Retype, exactly as they appear below, the lines between the line holding "Apparthotel Douai Gare Εξωτερικό φωτογραφία" and the line holding "iFamily Apartment Xinjinqiao Branch - Baño", both ends included.

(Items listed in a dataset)
^^^^^^^^

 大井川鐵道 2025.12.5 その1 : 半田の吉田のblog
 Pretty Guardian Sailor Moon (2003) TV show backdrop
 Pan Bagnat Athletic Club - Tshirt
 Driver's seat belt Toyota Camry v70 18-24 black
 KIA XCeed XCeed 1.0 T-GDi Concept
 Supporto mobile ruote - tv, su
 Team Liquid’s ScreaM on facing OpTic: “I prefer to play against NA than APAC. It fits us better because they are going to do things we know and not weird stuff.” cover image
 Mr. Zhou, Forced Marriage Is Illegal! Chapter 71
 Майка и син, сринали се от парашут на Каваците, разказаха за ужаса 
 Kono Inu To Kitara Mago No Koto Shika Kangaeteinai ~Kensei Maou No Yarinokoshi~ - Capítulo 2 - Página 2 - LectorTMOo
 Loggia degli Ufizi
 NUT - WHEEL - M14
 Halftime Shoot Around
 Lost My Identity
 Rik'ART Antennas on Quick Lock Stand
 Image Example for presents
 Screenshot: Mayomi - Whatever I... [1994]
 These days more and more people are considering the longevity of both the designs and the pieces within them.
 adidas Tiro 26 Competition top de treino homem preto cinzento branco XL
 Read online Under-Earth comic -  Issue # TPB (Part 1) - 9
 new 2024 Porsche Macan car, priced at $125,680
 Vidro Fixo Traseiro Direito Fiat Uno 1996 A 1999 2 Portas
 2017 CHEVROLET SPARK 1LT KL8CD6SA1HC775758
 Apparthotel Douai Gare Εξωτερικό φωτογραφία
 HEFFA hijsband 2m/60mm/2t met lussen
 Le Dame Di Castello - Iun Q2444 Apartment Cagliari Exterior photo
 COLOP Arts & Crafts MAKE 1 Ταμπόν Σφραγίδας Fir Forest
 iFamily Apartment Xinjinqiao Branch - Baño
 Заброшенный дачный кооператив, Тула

^^^^^^^^

Your response —
 Apparthotel Douai Gare Εξωτερικό φωτογραφία
 HEFFA hijsband 2m/60mm/2t met lussen
 Le Dame Di Castello - Iun Q2444 Apartment Cagliari Exterior photo
 COLOP Arts & Crafts MAKE 1 Ταμπόν Σφραγίδας Fir Forest
 iFamily Apartment Xinjinqiao Branch - Baño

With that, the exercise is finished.